Now, I have a tower with 2 network cards that was donated to us running Ubuntu, I've not played with linux as a routing tool before, but all i want it to do is direct all traffic to the external proxy, and add a list of exceptions that remain internal to the network, so i can point some of our devices at it as the default gateway and it can do the proxy decisions for them.
As principal BYOD devices, or any device you don't administrate shouldn't even be allowed to touch your internal network. That being said, I just went through this while back setting up a guest wireless network for our district. Redirecting HTTP isn't a big deal, but you'll break HTTPS in the process. In a nutshell I setup a box with two NICs, Squid in transparent mode, and IPTABLES to redirect all HTTP traffic on the local interface to Squid; really just a standard transparent proxy setup. HTTPS is still broke at this point though since you can't redirect it without performing what basically constitutes a MITM attack. So I had to somehow get the user to set proxy settings on their end.
To get them to do this I setup Squid as a captive portal.
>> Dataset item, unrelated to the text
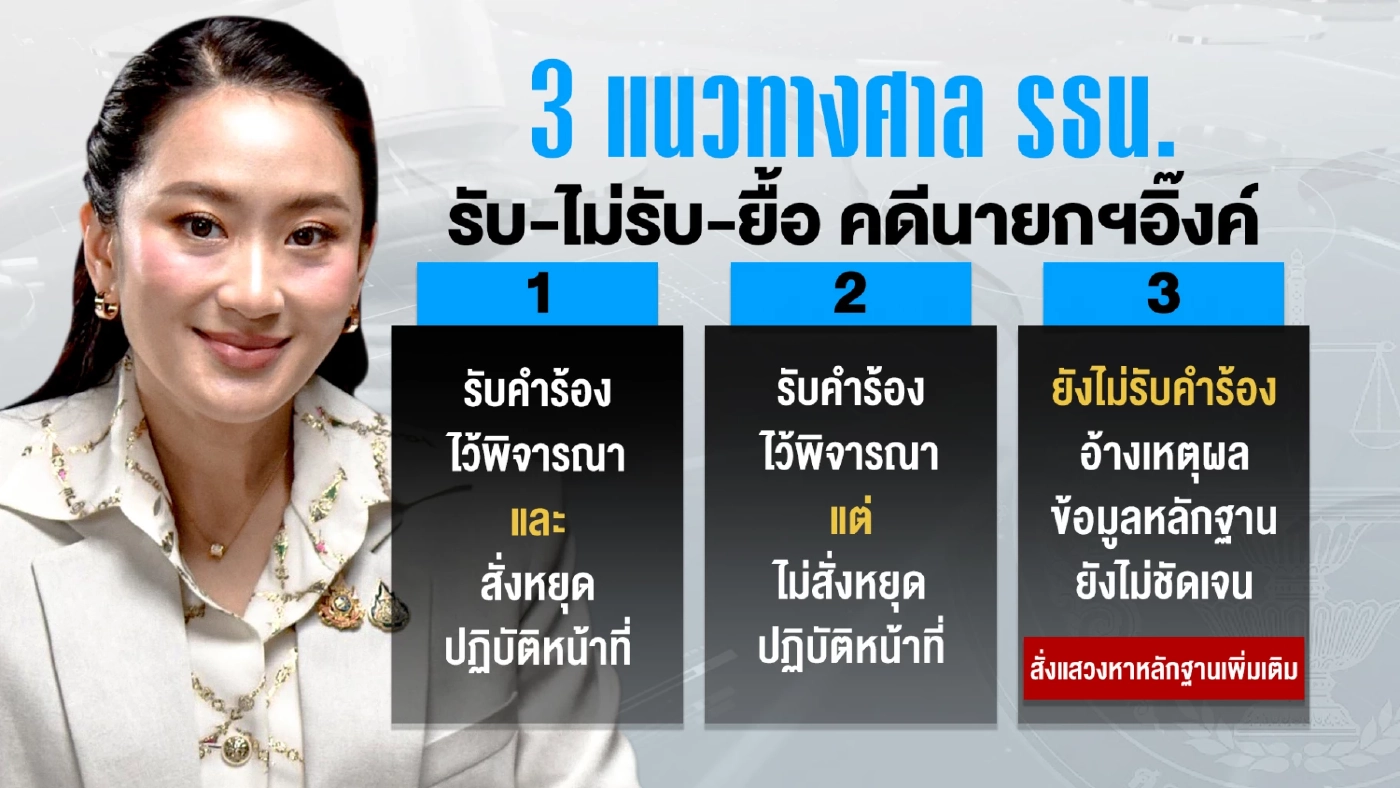 สแกน 9 ตุลาการศาล รธน. ผู้ชี้ชะตา “นายกอิ๊งค์” คดี "อังเคิลฮุน"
When the user would connect to the guest network they would immediately get redirected to a terms of service page hosted on the proxy. At the bottom of the page is an acceptance button that serves two purposes: first, Squid will continue to redirect to the TOS page until it is clicked, second, once clicked it'll take you to a page with directions for setting up most popular browsers and devices for auto proxy configuration. If the user follows the directions, HTTPS works no problem.
To finish off the auto proxy setup, I had to write a wpad.dat file and setup both DHCP and DNS to point to it (Internet Explorer can usd DHCP to find it, and Firefox/Safari/Chrome will use DNS). The exceptions to forwarding are defined in the wpad.dat file.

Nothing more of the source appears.